Il n’est donc pas surprenant qu’il construise la trame fort simple de cette Loge de mer sur l’éloignement, la solitude, le souci de soi. Un peintre, Hermann, au prétexte d’une rupture sentimentale, aura tout quitté pour gagner une ville côtière méditerranéenne. Solitaire, décidé à profiter de cet état, il se laissera néanmoins entraîner par une toile, vue dans le musée de la petite ville, installée dans une loge de mer, qui témoigne d’un passé de port marchand très actif. Il y aura donc une toile qui le fascine et le charme de la responsable du musée, dotée d’un frère jaloux et délinquant.

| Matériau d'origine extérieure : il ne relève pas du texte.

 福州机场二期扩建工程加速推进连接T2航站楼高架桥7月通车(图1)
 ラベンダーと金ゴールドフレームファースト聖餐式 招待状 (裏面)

Mais ce n’est pas là le propos réel de Laurichesse. Ce qui compte vraiment c’est le réapprentissage où l’acceptation d’une vie hors du monde, l’acceptation d’un quotidien insignifiant d’apparence dont il faut trouver les clés, parce que l’enjeu est alors de savoir résister aux vertiges et notamment, au plus prégnant d’entre eux, celui de la mélancolie, la trop fameuse bile noire qui n’aime rien tant qu’envahir le sang et l’esprit des artistes que les environnements où ils vivent ignorent et toujours menacent, fut-ce implicitement. Aux dernières lignes de ce récit, Hermann, seul toujours et autonome enfin, peut descendre le soir s’installer au plus près de la mer pour jouir de l’horizon marin et imaginer les moyens pour le franchir. Une œuvre l’attend.